Being interested in science from a young age, Jenni was encouraged to pursue a career in STEM by her role model, her mum.
My mum was a strong role model for me, and has studied and worked in STEM fields her whole life. I think it is important to have role models so students are aware of all the different pathways into scientific fields and so they can ask questions as needed.
I was always interested in science at school, so after school I studied a Bachelor of Science majoring in Immunology and Biology at the University of Sydney. I then went on to do a Master of Teaching through the University of Tasmania.

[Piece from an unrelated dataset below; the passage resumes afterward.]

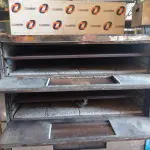 LOTE 116 - 01 FORNO ELÉTRICO INDUSTRIAL 90X70 MARCA METALMAQ/SÉRIE90 C/ 03 CÂMARAS 220V. MEDIDAS: 115X60X85. MEDIDA EXTERNAMENTE POR CÂMARA: PROFUNDIDADE 81CM, COMPRIMENTO 110CM E ALTURA 60CM E  MEDIDA INTERNAMENTE POR CÂMARA: PROFUNDIDADE 70CM, COMPRIMENTO 90CM E ALTURA 20CM. COM PEDRAS REFRATÁRIAS, BASE INCLUSA.FUNCIONANDO PERFEITAMENTE. (NO ESTADO, LEILÃO NÃO TEM GARANTIA E NEM DEVOLUÇÃO, SUJEITO A POSSÍVEIS AVARIAS VISÍVEIS/OCULTAS E/OU AUSÊNCIA DE COMPONENTES).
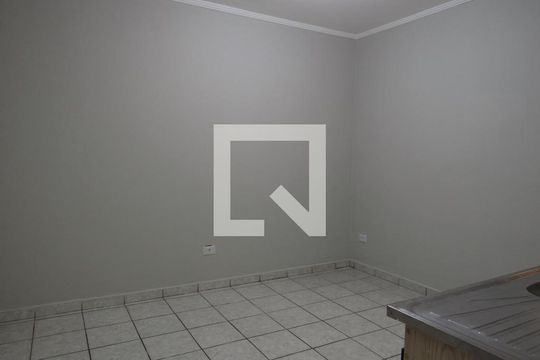 Cozinha de casa para alugar com 1 quarto, 30m² em Ayrosa, Osasco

After developing a love for teaching, Jenni now uses her science background to help support students grow their passion in STEM, enjoying the range of opportunities on offer in her role as Head of Science.
I am currently teaching science and am the Head of Science at St Philips College in Alice Springs, NT. I don’t think a lot of people realise the opportunities that are available as a science teacher. I have got to teach all over Australia, completed field research with the Bush Blitz team in Groote Eylandt and later this year I am taking a group of aspiring scientists to the research station on Orpheus Island associated with James Cook University.
Jenni is an avid supporter of young girls following their passion in STEM subjects and, as a STEM Coach, enjoyed talking to her students about their interests.
I have really enjoyed being a part of the Curious Minds program. I joined the program as a mentor, because I thought the program sounded like something I would have loved to complete when I was at school. An element of the program that I enjoyed was discussing current scientific issues with my mentees, and their interests in STEM.
The impact of the Curious Minds program is invaluable; it is inspiring the future generation of scientists and allowing them to make connections in STEM fields.